# New 125g setup !!



## hiroku (Nov 7, 2012)

I just upgraded from a 55gg to a 125g I swore to myself the 55 was my last upgrade lol but then the bug bit again damn!
Most ppl would call me crazy for the mixes of breed I have in the tank
But so far they killed each other yet there are fights and battle scars but nothing fatal!

Let me know what u guys think of the decor.


----------



## Y2KGT (Jul 20, 2009)

It looks good however I'd be worried about all the rocks on the right hand side putting so much pressure on the bottom glass.

I'd also fill the tank to the top. I hate seeing a 3/4 filled tank.

Congrats on the new tank.
--
Paul


----------



## hiroku (Nov 7, 2012)

thanks ya I was worried too I ask the owner at AI and he said it was fine i have no idea who's right or wrong but i guess better safe than sorry i'll take some out and put smaller ones 
I was up till 2 doing it I wanted to get a bit more air in there for the fish I will top off the tank tonight lol!


----------



## boun (Feb 16, 2012)

Setup looks good. I concer with amount of the rocks/weight. There could be to much pressure on the right. Also noted that the tank is not level as well. It might be due to much weight on the right since the water line on the left is lower. Try removing some of the rocks and see if that helps.

We would not want 125g of water and fish on your floor


----------



## hiroku (Nov 7, 2012)

haha thanks guy I will fix it when I get home but as for the level it's the basement floor not the tank lol!


----------



## Riceburner (Mar 14, 2008)

you could level the stand and the tank would be fine. 
I like a full tank too...keeps it from getting a build up at the waterline.

You could spread the Kingston rocks out as the base ones and build up from there.


----------



## MDR (Feb 20, 2012)

I wouldn't be too concerned about the glass breaking.


----------



## kuopan (Sep 6, 2010)

i wouldn't worry too much about the rocks breaking your tank. however, i noticed that when i had more rocks in my setup, my cichlids seem to get stunted in growth... I feel like they are able to grow bigger and faster with more swim space. just my opinion though...


----------



## robert77k (May 27, 2012)

I was told that you can put as much rocks as will fit in the aquarium.
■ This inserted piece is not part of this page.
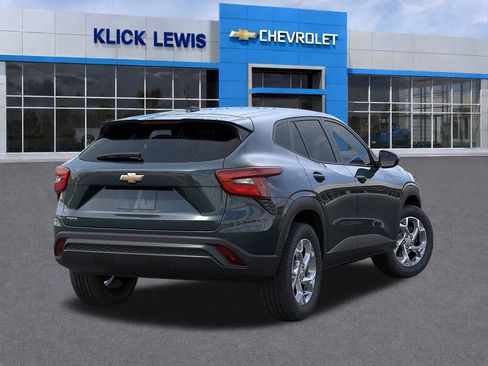 New 2026 Chevrolet Trax LS w/ LS Convenience Package FWD image 4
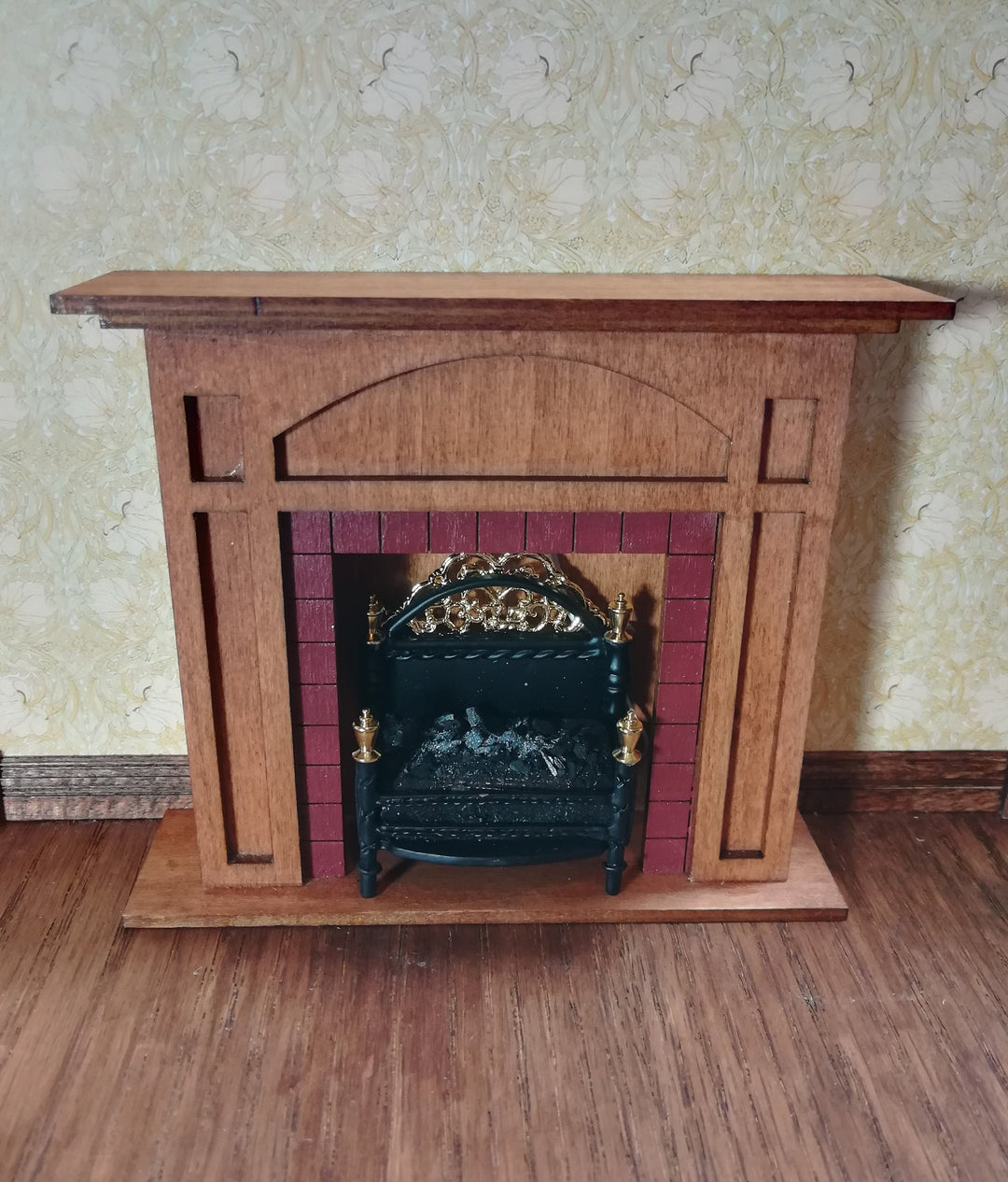 Dollhouse Lit Fire Basket Fireplace Insert Coals 12v with Plug 1:12 Scale Miniature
Although I admit I hold back somewhat because I just don't want to take the risk. Impact is what would break the glass however. You have to be very carefull when you are adding/removing/moving the rocks.

You might as well fill the tank to the top. Not only will it look alot nicer, it will also improve your water quality by giving you a bigger buffer in keeping the water stable, and you can go a little bit longer between water changes.


----------



## lilnick87 (Nov 4, 2012)

hiroku said:


> I just upgraded from a 55gg to a 125g I swore to myself the 55 was my last upgrade lol but then the bug bit again damn!
> Most ppl would call me crazy for the mixes of breed I have in the tank
> But so far they killed each other yet there are fights and battle scars but nothing fatal!
> 
> Let me know what u guys think of the decor.


It looks nice i get the same reaction from ppl i have a red tail shark in my tank loaches and a huge fish that looks like some kind of fresh water shark. I also have a male dempsey in my tank


----------